Only the lines from the start of the entries through the line with "商品Golden Goose|Golden Goose" should be returned, each exactly as it stands, and no pictures.

(Stored data entries)
■ ■ ■ ■

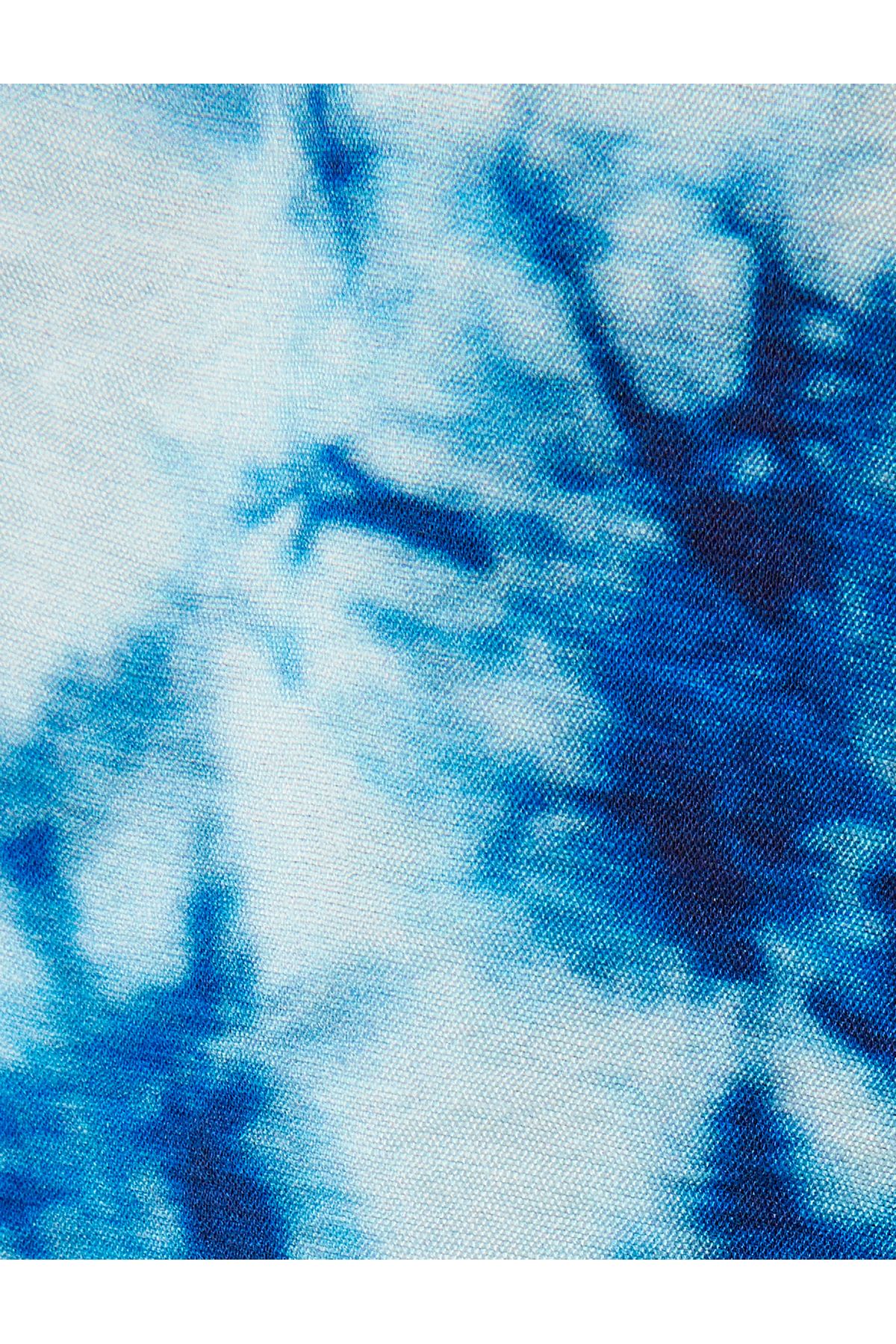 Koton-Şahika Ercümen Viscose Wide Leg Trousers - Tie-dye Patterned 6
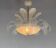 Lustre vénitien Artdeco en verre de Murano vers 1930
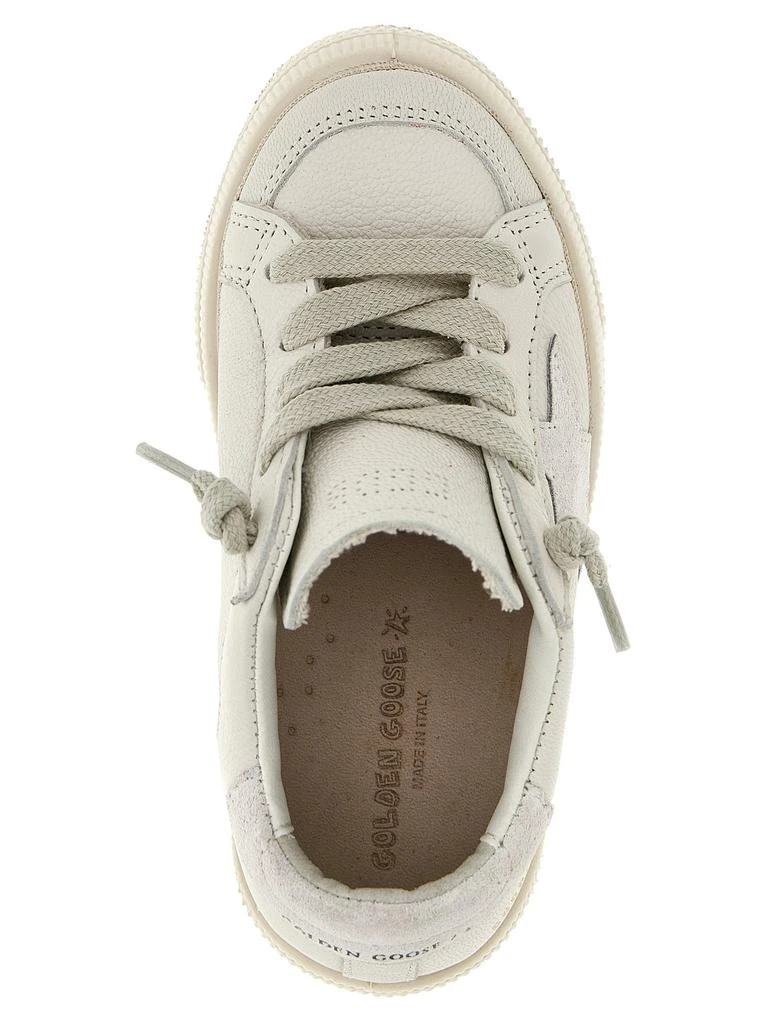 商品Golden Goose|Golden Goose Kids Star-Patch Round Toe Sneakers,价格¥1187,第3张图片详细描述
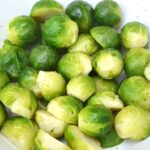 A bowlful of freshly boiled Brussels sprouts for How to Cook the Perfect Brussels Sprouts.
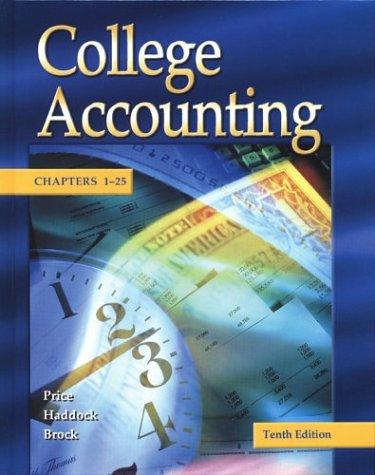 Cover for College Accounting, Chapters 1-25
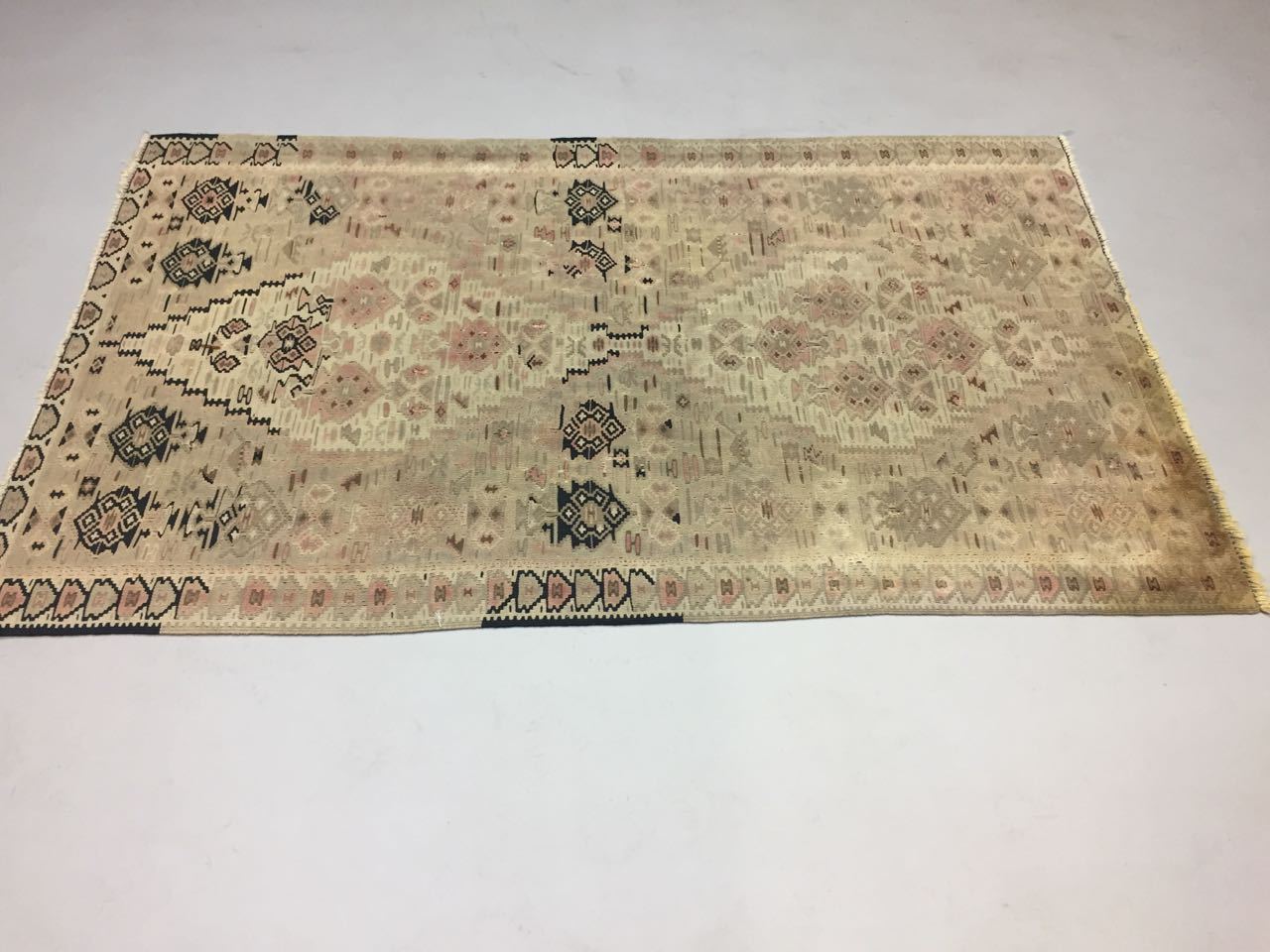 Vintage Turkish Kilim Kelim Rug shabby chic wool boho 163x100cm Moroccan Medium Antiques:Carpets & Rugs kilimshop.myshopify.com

■ ■ ■ ■

__ANSWER AREA__:
 Koton-Şahika Ercümen Viscose Wide Leg Trousers - Tie-dye Patterned 6
 Lustre vénitien Artdeco en verre de Murano vers 1930
 商品Golden Goose|Golden Goose Kids Star-Patch Round Toe Sneakers,价格¥1187,第3张图片详细描述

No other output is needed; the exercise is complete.